GIVEN MATERIAL:
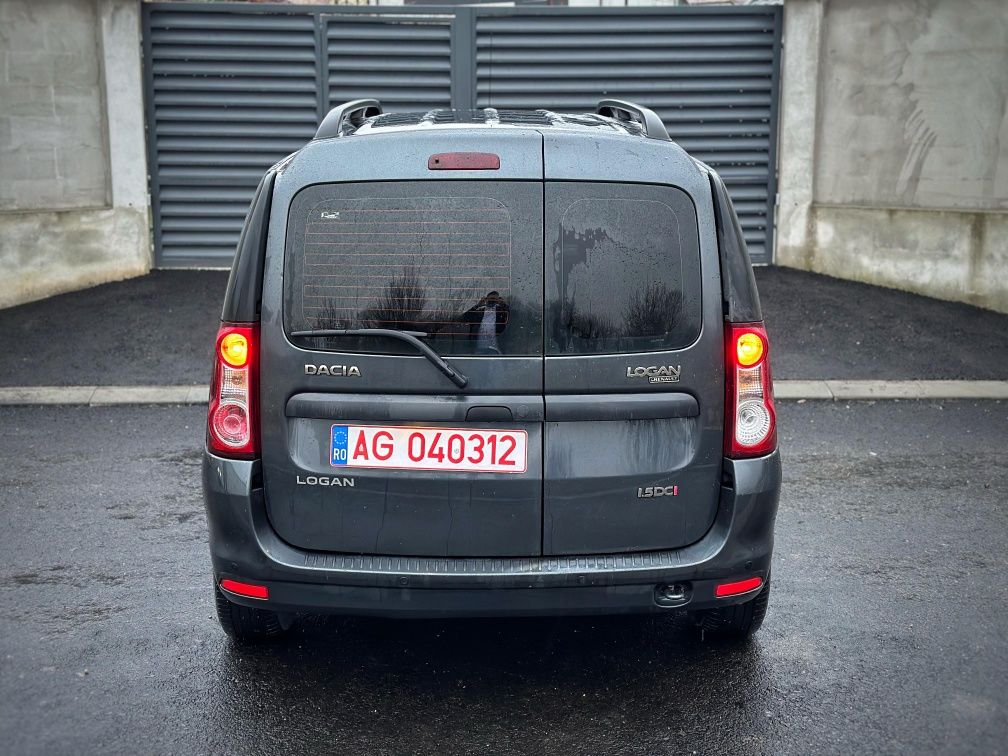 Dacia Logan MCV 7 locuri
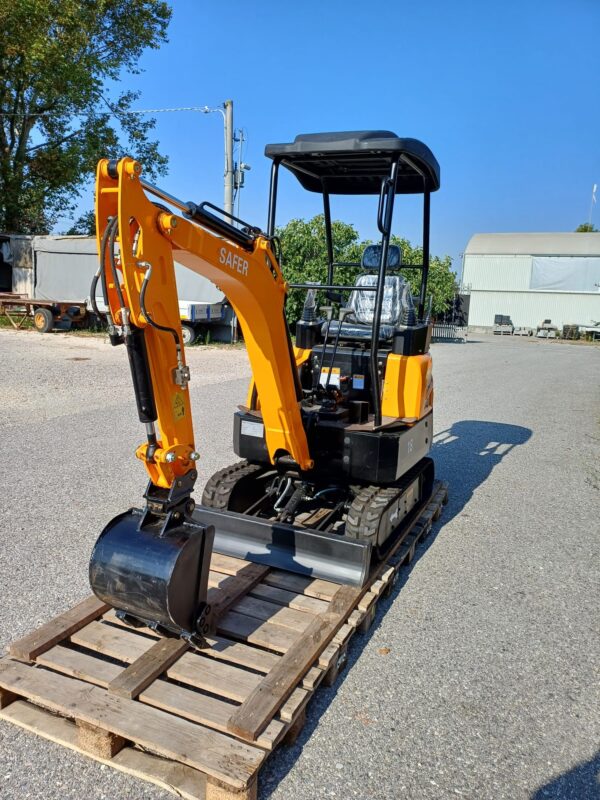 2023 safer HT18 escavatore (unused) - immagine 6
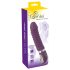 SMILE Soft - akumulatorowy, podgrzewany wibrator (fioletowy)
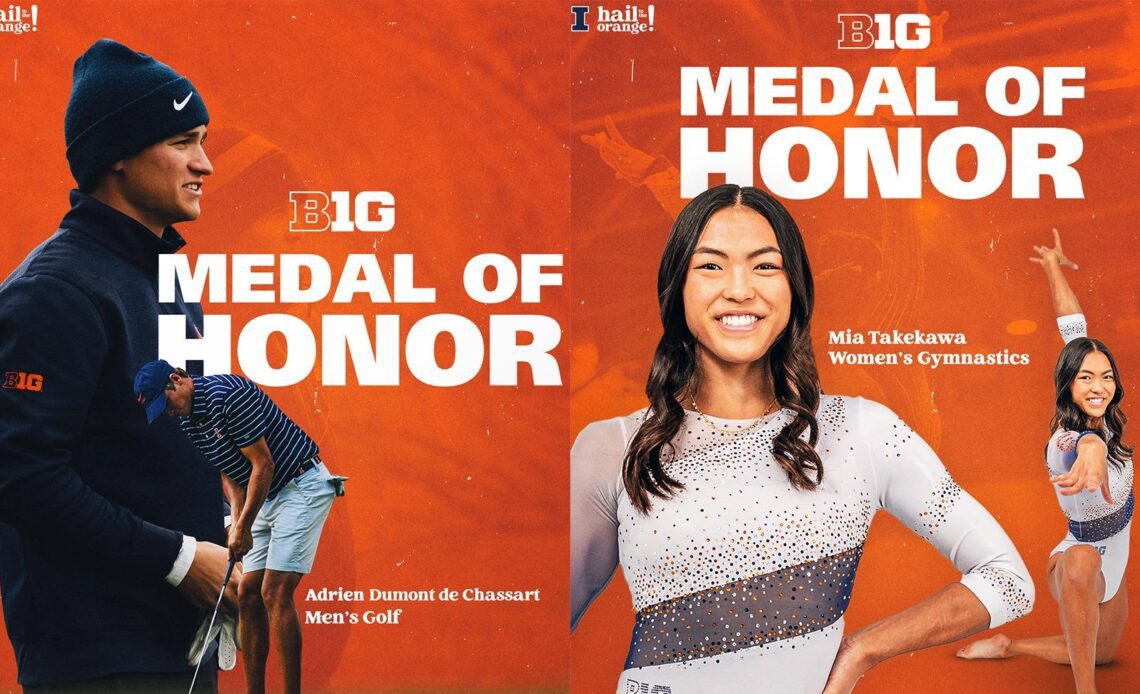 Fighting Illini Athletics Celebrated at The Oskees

ACTIVITY: From the material above, print everything exactly except the pictures.

SOLUTION FOR THIS PROBLEM:
 Dacia Logan MCV 7 locuri
 2023 safer HT18 escavatore (unused) - immagine 6
 SMILE Soft - akumulatorowy, podgrzewany wibrator (fioletowy)
 Fighting Illini Athletics Celebrated at The Oskees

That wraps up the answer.